Woolf would spend her summers writing in her shed, Dahl's den was adorned with a climbing rose and Shaw filled his with a bed and telephone, and sat atop a turntable so he could follow the sun.

But while writers are well known for their chic sheds, for most people, a shed is often an unkempt home for the lawnmower, strimmer and unwanted plant pots.

At a basic level, a garden shed simply adds storage space to a property but with a bit of imagination, it can become a miniature home from home – and the perfect place to entertain guests during the balmy summer months.

Here, Tracey Hartwell, head of sales at Shedstore.co.uk, offers some advice to those thinking of sprucing up their shed.

Do I need planning permission?

Even to use a shed as more than just a storage cupboard, planning permission is not needed, provided that it's for domestic use, it's not more than three metres tall for a flat roofed shed, or four metres for a ridged roof and it doesn't cover more than half the garden. There are additional rules for those living in World Heritage Sites, National Parks or areas of outstanding natural beauty.

How can I power it?

Those up for digging a trench in their garden can run electrical wires underground from the main house to equip their shed with mains power. If you just want basic lighting, for example, the job is more straightforward than if you're planning to use a desktop computer, a lawnmover, or an electric stove that will require RCD protection for your safety.

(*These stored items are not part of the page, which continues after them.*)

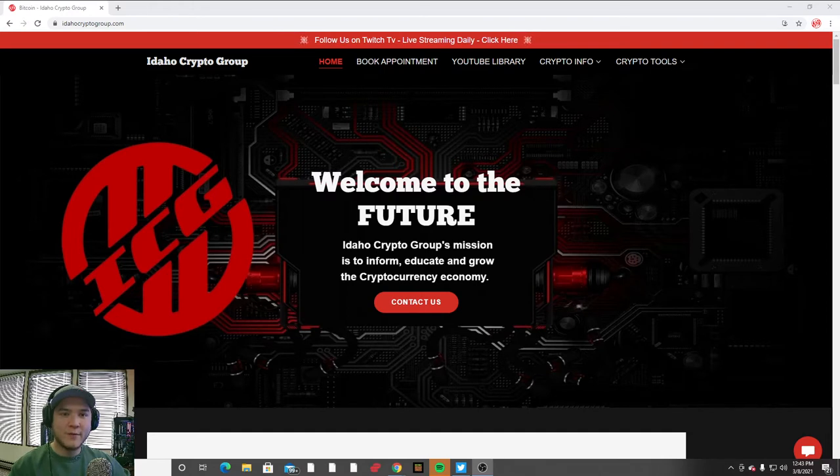Welcome back everyone, it's Ryan with the Idaho Crypto Group. Today is the second episode of the ultimate beginner's guide to cryptocurrency: how to set up a wallet. If you missed our first video, make sure to go back and watch that first, where we talk about what cryptocurrency is, how it works, and why it was created. Now that you know a little bit about cryptocurrency, you need to set up a wallet, which is the place that you will store all of your cryptocurrency.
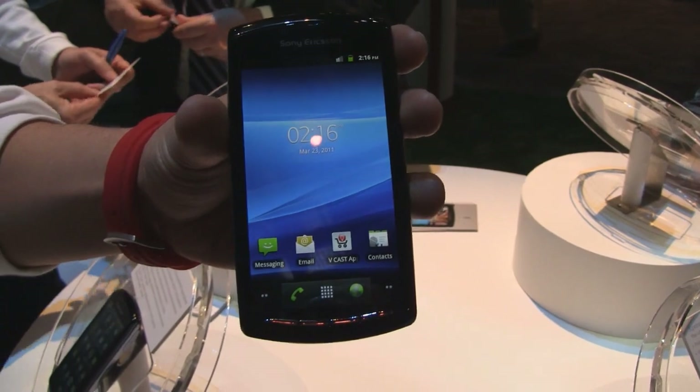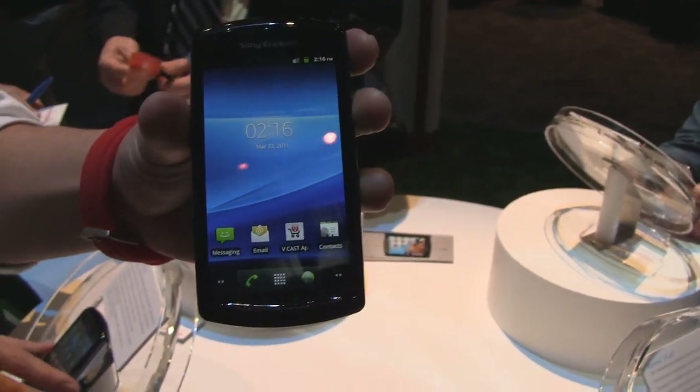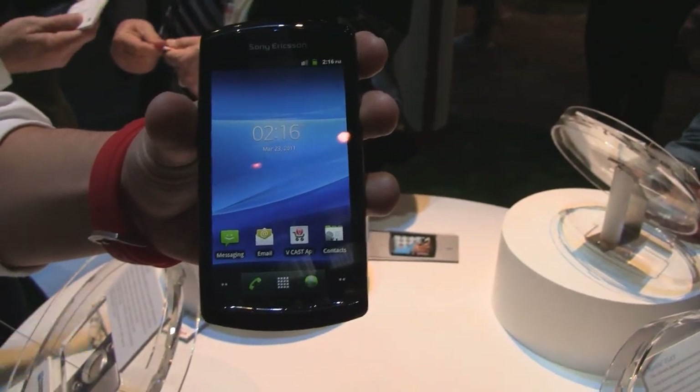Hey guys, it's CJ from SmartKTi.com. We're here at Sony Ericsson's booth at CTIA 2011, and we're checking out the Verizon Sony Xperia Play.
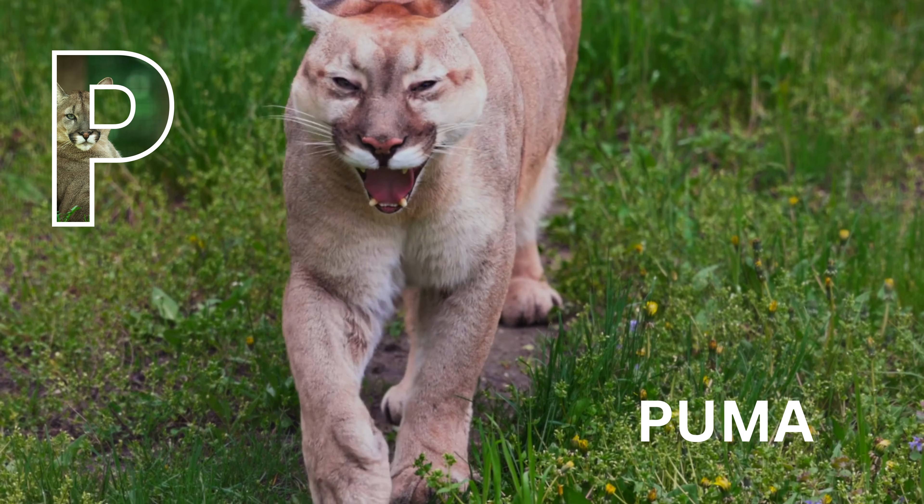P is for platypus. Platypus. P is for puffin. Puffin.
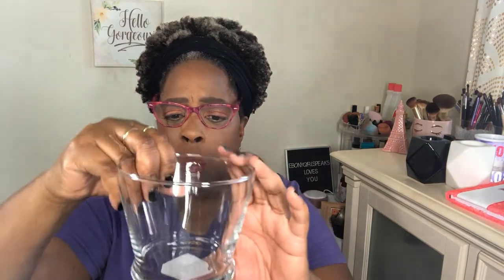I got this brush holder — I think I mentioned it from a Walmart haul. I got it so I can use the brush cleaner I purchased and put the brush in it. I'm going to show you how to use it, but I really like this piece — it would be really nice to put some brushes in.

Electric convection heaters are a popular way to provide heat as they can be controlled with a 24-hour timer and a thermostat, and are relatively cheap to install, either mounted on a wall or free standing.

Alternatively, solar powered products can store excess power, from basic lighting kits to more sophisticated solar power stations of varying capacity. These are DIY self-install product saving time, and the need to dig a ditch.

Will my designed shed add value to a property?

If you do add a shed to your garden, do it for your own enjoyment, not to add value to your home.

A buyer may see a luxurious, high spec log cabin or summer house as additional floor space, so it's conceivable that an asking price may factor this in, but it's certainly not going to add huge sums.

That said, a beautiful, cared-for shed is certainly not going to put many buyers off and, it could conceivably help sway someone torn between two properties.